Rasanya ingin berteriak saking gemasnya, dikira saya tidak akan baca
tugas-tugas mereka itu. Akan tetapi saya tersadar bahwa tugas saya sebagai guru
mereka lah untuk memberitahu dengan tegas bahwa yang mereka lakukan adalah
salah. Tindakan mereka termasuk plagiarisme yang di dunia nyata bahkan bisa
menimbulkan masalah besar bagi mereka, seperti dicopot dari jabatan, dicabut
gelar akademiknya, bahkan hingga dituntut di pengadilan. Maka, setelah ceramah
panjang lebar di depan kelas, mereka pun saya minta mengulang tugas tadi saat
itu juga.
Perlu digarisbawahi bahwa saya jauh lebih menghargai
pekerjaan yang dikerjakan sendiri meski tidak sempurna, daripada sekedar copy paste dari internet dan
mengerjakannya beramai-ramai sehingga nyaris tak ada beda dengan teman-teman.
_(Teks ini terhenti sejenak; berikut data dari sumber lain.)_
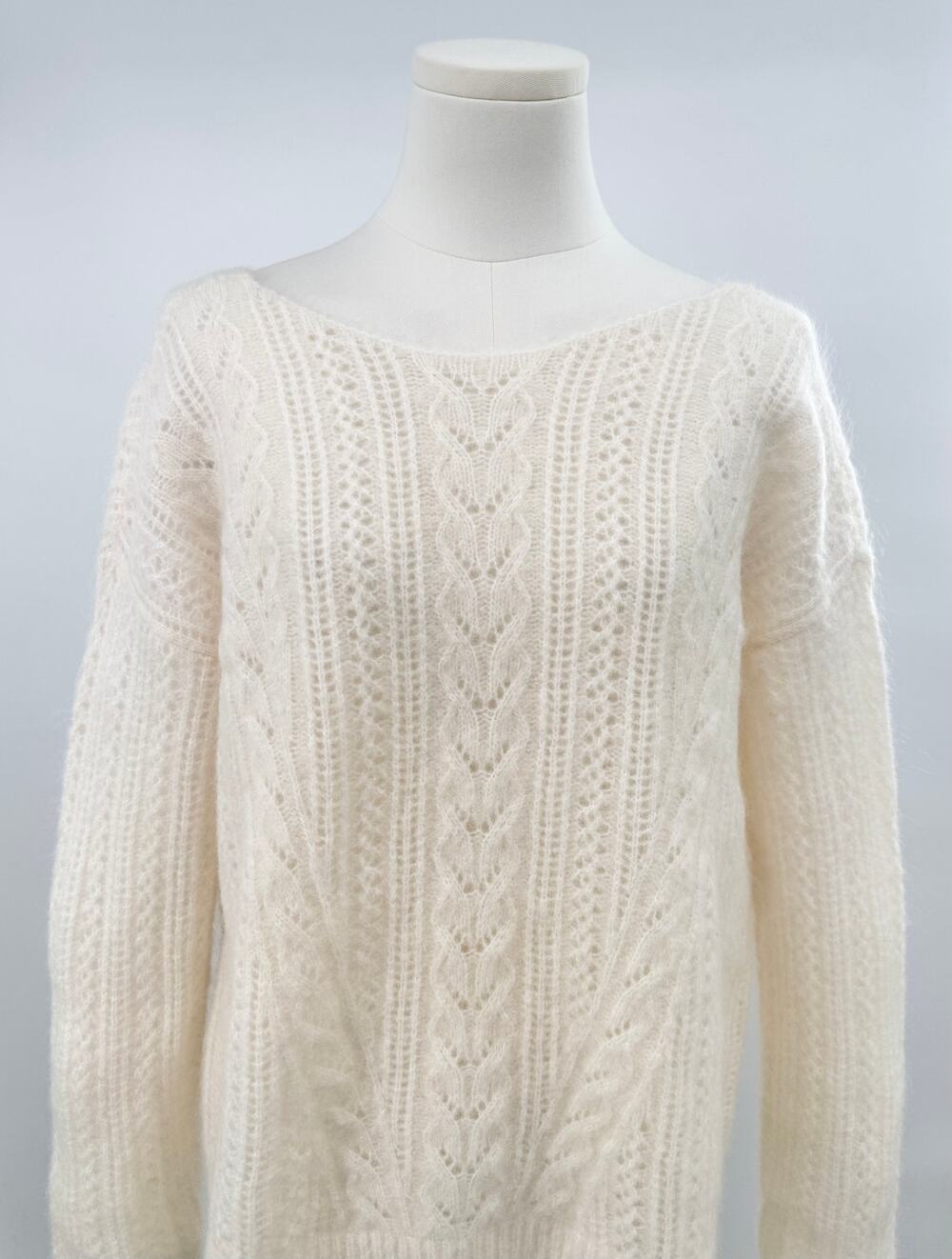 Sezane Malou Ivory Mohair Wool Sweater Pointelle Knit V-back Low back M NWT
Dan saya juga sangat ingin menekankan bahwa teknologi dibuat untuk mempermudah
mengerjakan tugas, bukan untuk menjadikan kita malas, mencari jalan pintas yang
illegal, dan memperdaya guru. Semoga kebiasaan copy paste ini segera lenyap sehingga tak tercipta generasi copy paste.